Not what I need--quad does lift up with plow lowered. I notice in their video that the front of the quad still drops when the plow is raised.

I checked the springs (high lifter) out from your previous post--nothing for CanAm or Bombardier..........so I am out of luck there.

Thanks for the suggestions....much appreciated.

Steve


----------



## MUDDY4LIFE (Apr 13, 2001)

Polaris uses struts, Bombardier does not..I have no doubt that putting on the new springs on the Polaris was quite a challenge. This should not be nearly as tough on a ATV that does not use struts.

Steve,
as long as you dont mind a longer warm-up time, 5w-40 would be just fine ALL year long..Just make SURE you get an oil with the correct API rating as per your Owners manual.


----------



## catman04 (Jan 20, 2009)

Steve, I have a 2004 arctic cat 500 and run amsoil 0w40 synthetic in it year round without any problems.
You can e-mail amsoil and tell them what atv you have and they will tell you what oil they would reccomend.
Hope this helps.


----------



## ENCORE (Sep 19, 2005)

If you could check part numbers and compare them to the 800 CanAm. If the part numbers were the same (what chance?) high lifter makes a spring for a couple machines http://www.highlifter.com/categorie...P+High+Capacity+Springs:+Front+&+Rear+Springs


----------



## ramrod (Jan 20, 2006)

Ditto on the Amsoil 0w40 synthetic year round. 2003 Yamaha Grizzly 660. Started using it immediately after break-in period. 2300 miles and no problems.


----------



## Bagman (Apr 1, 2006)

My quad drops an inch or two in the front when I lift the plow. Is this hurting anything? I have an Arctic Cat with high ground clearence and adjustable springs.


----------



## MUDDY4LIFE (Apr 13, 2001)

BAGMAN,
It does'nt hurt a thing..However, if I were you, I take those adjustable pre-load springs and tighten them up about 2 notches for the winter months while you are using the plow.

HINT*
Jack up the front end just so the front tires are ''just'' off the ground.This will take the load off the front springs and make turning the pre-load springs MUCH easier.

Good Luck.


----------



## Bagman (Apr 1, 2006)

Thanks Muddy, I just started plowing with it and didn't want to screw something up.


----------



## murph1 (Sep 20, 2005)

I didn't like how my honda rancher dropped down when i lifted the plow...I made 3/4" blocks to go under my spring.....they "preloaded" the compression of the front springs, and now the rancher does not drop half as much as it used to...they even seem to make the bike more stabil wheeling on the trails...The hondas do not have an adjustable spring.
These blocks are doing the same thing as the adjustable springs except for the fact that once they are installed they are installed,you have to disassemble the shock to take them out,but I'm sure you would leave them in as I have...(no problems)
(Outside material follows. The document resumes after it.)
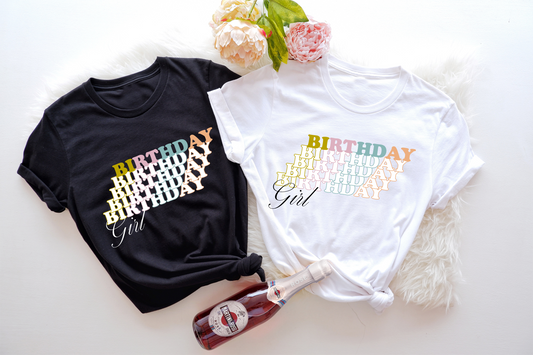Celebrate your special day or your little one's birthday with this adorable "Birthday Girl" or "Birthday Party Girl" tee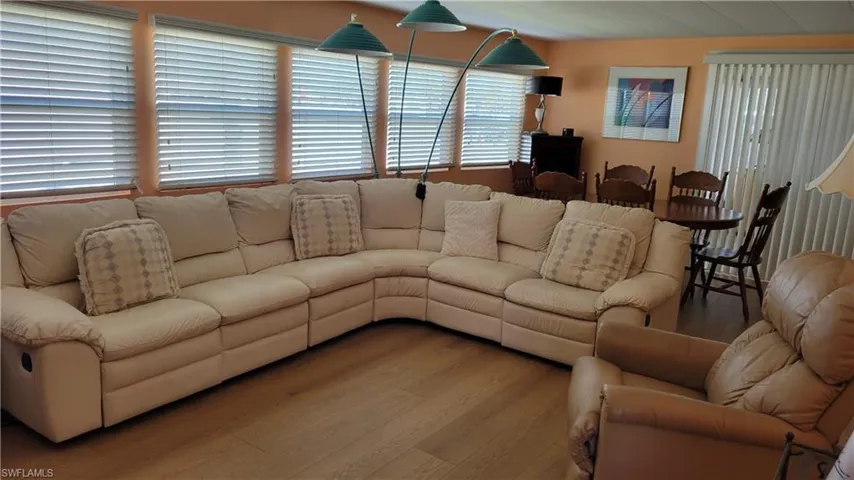 Living room with vinyl finished floors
they are pretty easy to make...round stock the o.d. of your spring...drill out a hole in the center slightly larger than the stem of the shock...then cut, from center the same size opening to the outside of the "block"..then use a press to install on the shock...I'll try to post a picture..
I think mine cost around 10 bucks for material...

And they look factory installed, no hack job...
Try and look up spacers for a coil spring on a jeep and you will kind of get an idea of what they will look like...but more of a permanant install..

Murph


----------



## hitechman (Feb 25, 2002)

CAMODIAK said:


> www.atvoffroad.net michigan based club with lots of info...
> www.highlifter.com nationwide website
> www.atvfrontier.com " "


Joined the first one (www.atvoffroad.net) a few days ago. Nice site and thanks for pointing me there.

I did find out that BRP (Can-Am/Bombardier) does make a device that is easy on-off for the front shocks..now if I can get a part number or website to find that part. I searched BRP website to no avail.

High lifter DOES NOT make replacement parts for my model of ATV.

Steve


----------



## hitechman (Feb 25, 2002)

Well the ATV forum guys directed me towards the correct part (BRP # 715500032), but it is discontinued, and I've contacted 2 local dealers and 4 on the internet without any success.........they all tell me it is discontinued and they can not find or get it anywhere.

Anyone got any ideas?

Steve


----------